Todas as informações sobre esta aventura, fotos, vídeos e mapas podem ser vistas em http://www.teddsantana.com/aventura_rio_claro.html

Aventura na região do Forno Grande

No domingo, 23 de Maio de 2010, às 4 h e 45 minutos da madrugada, embarquei no carro do fotógrafo J. Benincá com destino a uma das melhores aventuras dos últimos meses – uma caminhada nas trilhas da região do Forno Grande, em Castelo – ES.

Acordar tão cedo sempre é difícil e precisei de uma boa dose de determinação para sair da cama. Para não correr o risco de deixar nada para trás, preparei minha mochila com os equipamentos e outros itens necessários na véspera. Então quando acordei de madrugada foi só tomar banho, me vestir e tomar o café da manhã.

Saindo da Grande Vitória, pegamos a BR 262 em direção à Venda Nova do Imigrante. Mas nosso destino era outro e após uma parada para um café da manhã decente em Pedra Azul, pegamos uma estrada saindo da BR 262 à esquerda com destino ao Caxixe.

Logo estávamos em uma estrada de terra e subindo cada vez mais. O dia já havia clareado e fizemos algumas paradas para fotografar as paisagens. A estrada estava em boas condições e avançamos rápido. Porém como eu ainda não conhecia a região e não consegui nenhuma informação de localização geográfica de nosso destino, não pude preparar um roteiro no GPS. Volta e meia tivemos que pedir informações aos moradores do local para conseguir chegar à Fazenda Sossego.

O local escolhido como ponto de encontro foi uma agradável surpresa. Localizada a 1.125 metros de altitude, nas coordenadas 20°29’5.21″ de latitude Sul e 41° 6’35.01″ de longitude Oeste, a propriedade está preparada para turismo rural e conta com hospedagem do tipo “Cama & Café”, área arborizada com mesas e bancos, um galpão com um fogão à lenha, mesas e cadeiras, banheiros, bica d’água e uma paisagem deslumbrante. No local também se fabrica queijos.

Já havia algumas pessoas aguardando para participar do evento, mas o grupo principal de Cachoeiro de Itapemirim ainda estava a caminho. Aproveitei o tempo livre para fotografar algumas coisas que achei legais.

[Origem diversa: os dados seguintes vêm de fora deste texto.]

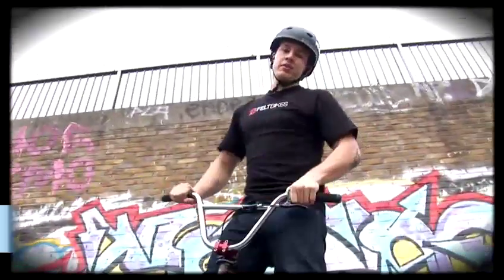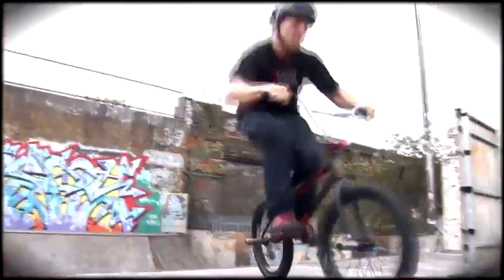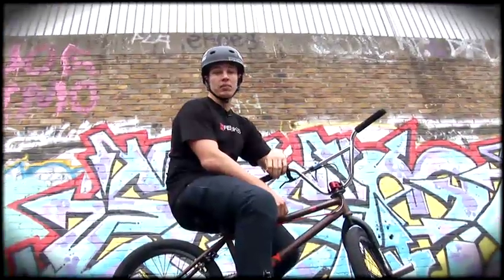Hi, I'm Gareth Wilson of Felt Bikes. I've been riding for roughly 11 years now, nine of which in the pro category, and now you'll be learning how to ride the BMX with me.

O café da manhã foi servido, o pessoal de Cachoeiro havia chegado e lá estava eu tomando o terceiro café da manhã do dia. Havia muita animação, pessoas dispostas para a aventura e até algumas crianças. O coordenador do evento, João Luiz pediu que nos juntássemos para ouvir as informações importantes e também apresentar a proprietária da fazenda, dona Maria Rita Casagrande. Em seguida saímos para a grande aventura.

Trecho 1

Início: 8h46min – Duração: 1 h, 18 min – Velocidade média: 3,0 km/h

No início pegamos uma estrada de chão em boas condições, mas poucos quilômetros adiante já estávamos subindo por uma laje de pedra, o que exigiu algum esforço da turma. A cada quilômetro subíamos cada vez mais e a estrada se transformou em uma trilha. A paisagem era uma sucessão de coisas interessantes: lagoas, casas de madeira antigas e abandonadas, fazendas, matas, montanhas, nuvens baixas, neblina, chuva, ou seja, o melhor tempero para uma aventura.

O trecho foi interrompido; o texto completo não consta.